Required work →
Repeat exactly the lines below that lie between the line with "Camina Vintage Candelabra Round Chandelier" and the line with "Play Mats in", counting both of those lines as part of the answer.

Material supplied →
+++

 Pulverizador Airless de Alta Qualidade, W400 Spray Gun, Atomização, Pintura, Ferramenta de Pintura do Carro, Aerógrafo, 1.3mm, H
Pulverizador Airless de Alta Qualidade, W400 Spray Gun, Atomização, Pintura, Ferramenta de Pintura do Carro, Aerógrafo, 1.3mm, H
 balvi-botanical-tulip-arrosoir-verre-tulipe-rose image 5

+++

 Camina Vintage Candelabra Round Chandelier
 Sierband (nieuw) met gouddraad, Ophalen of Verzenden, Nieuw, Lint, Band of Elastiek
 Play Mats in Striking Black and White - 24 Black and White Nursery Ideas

+++

Answer area →
 Camina Vintage Candelabra Round Chandelier
 Sierband (nieuw) met gouddraad, Ophalen of Verzenden, Nieuw, Lint, Band of Elastiek
 Play Mats in Striking Black and White - 24 Black and White Nursery Ideas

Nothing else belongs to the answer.